Barletta Introduces Safer Trucks and Buses Act

Sep 18, 2014
Press Release
Reforms Safety Scores to More Accurately Reflect Carrier Responsibility

WASHINGTON – Congressman Lou Barletta, PA-11, today introduced the Safer Trucks and Buses Act (H.R. 5532), which halts the publication of flawed safety scores for carriers and directs the Federal Motor Carrier Safety Administration (FMCSA) to revamp its scoring system.  Barletta’s legislation addresses a problem with the Compliance Safety Accountability (CSA) program, which was rushed into usage and often does not reflect changes made by carriers to improve their approaches to safety.

“As a father of four daughters, I worry every day about the safety of my girls, and I strongly believe that unsafe vehicles should not be on the road,” Barletta said. “Unfortunately, companies across the country and in Pennsylvania are being unfairly misrepresented by their safety scores, causing economically devastating impacts to these bus and truck companies, many of which are small businesses.”

Barletta related one example of a company which has suffered under the current inaccurate system in his 11th District of Pennsylvania.  The company had never had a roadway accident and employed drivers with an average of 35 years of continued experience.  Recently, one driver was cited twice for minor violations and was dismissed in compliance with company safety standard policies.  Despite the decisive action on the part of the carrier, the company’s CSA score suffered.  The driver now works for a different employer, which subsequently has a higher safety score and can obtain contracts for which the original company cannot compete.  The situation has cost the safety-conscious business approximately $1.5 million in lost revenue, forcing it to reduce its fleet by half and eliminate jobs.

The legislation requires FMCSA to stop publishing safety scores compiled under the current system on its website and prevents these scores from being used as evidence in liability cases until the program is fixed.  In the meantime, the bill requires FMCSA to submit to Congress an improvement plan and implement that improvement plan.  Once the scores are improved, they will again be available for the public to make educated decisions about the safety of trucks and buses.

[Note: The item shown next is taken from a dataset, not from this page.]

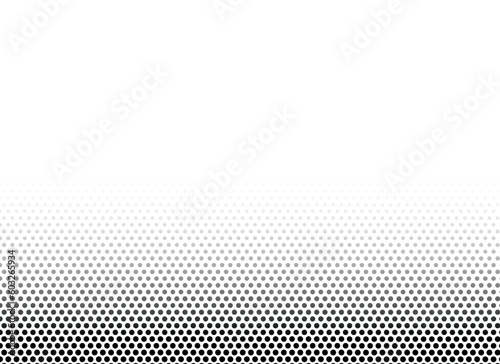 Dot pattern with halftone effect. Black white pop art gradient. Half tone fade background. radial print. Cartoon duotone banner. Monochrome backdrop. Anime gradation frame. Vector illustration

“Make no mistake, I am a strong advocate for roadway safety,” Barletta said.  “This bill in no way eliminates law enforcement access to safety data, and the worst offenders can still be targeted.  Flawed safety scores do not benefit anyone.  Whether it’s a parent looking for the safest bus for her kid’s school trip, a shipper looking for the safest truck to haul its goods, or a small business trying to make it in a tough economy, we need better safety scores to provide adequate safety information.”

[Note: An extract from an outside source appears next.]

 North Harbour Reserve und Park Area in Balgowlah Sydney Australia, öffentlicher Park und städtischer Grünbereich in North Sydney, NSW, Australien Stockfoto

Representatives from the carrier industry responded with praise for the Safer Trucks and Buses Act:

“The current system of measurement is unreliable and needs substantial improvement,” said Dave Osiecki, Executive Vice President and Chief of National Advocacy​ for the American Trucking Associations.  “We appreciate Congressman Barletta’s support for the industry and recognition of the need to have a safety measurement system that is reliable, fair and accurate.”

“The data collected in the current CSA program is often misinterpreted, difficult to challenge, and as a result, unreliable,” said Jim Runk, President of the Pennsylvania Motor Truck Association.  “Improper and erroneous CSA information results in misleading and detrimental carrier profiles that are available on a public website.  We support Congressman Barletta’s bill that will ensure a safety measurement system that is fair, equitable and accurate.”

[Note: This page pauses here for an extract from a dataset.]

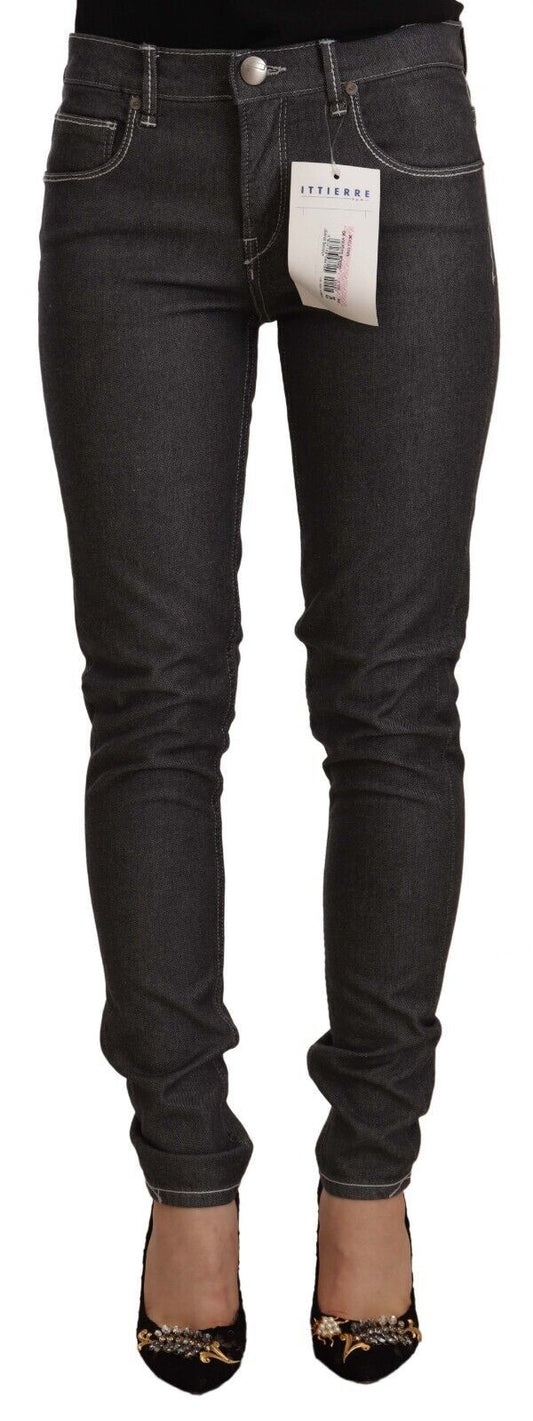 Acht Black Low Waist Skinny Denim Slim Fit Jeans Acht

“Since its launch in 2010, CSA’s methodology and data have been repeatedly shown to be detached from reality,” said David Owen, President of the National Association of Small Trucking Companies.  “As a result, carriers often see their CSA scores change under its relativistic scheme without the carriers experiencing any new accidents or inspections – predominately because of constantly changing peer groupings and competing carriers’ inspections at any given time.  Carriers have little control over their CSA scores, and remedial steps taken today may have little bearing on their CSA ratings for months.”

“With significant shortcomings in the methodology used to generate CSA scores, as found by independent examinations, businesses that rely on the data to make safety decisions are just as likely to be directed to a less safe carrier than a more safe carrier,” said Todd Spencer, Executive Vice President of the Owner-Operator Independent Drivers Association.  “Misleading information about the safety of individual motor carriers not only leads to negative impacts on small business trucking companies, but it also can mean unintended public safety consequences.  OOIDA appreciates Representative Barletta’s leadership toward setting clear standards for accuracy in CSA’s methodology and data, and we urge all supporters of small business truckers and highway safety to support his legislation.”

“Currently, the CSA program data is misleading to the public by including crash data where a motor carrier was not at fault, and using scores that do not reflect accurate safety assessments for individual operators,” said Elaine Farrell, Executive Director of the Pennsylvania Bus Association.  “Our members have expressed concern over this issue and support efforts that require the FMCSA to make improvements.”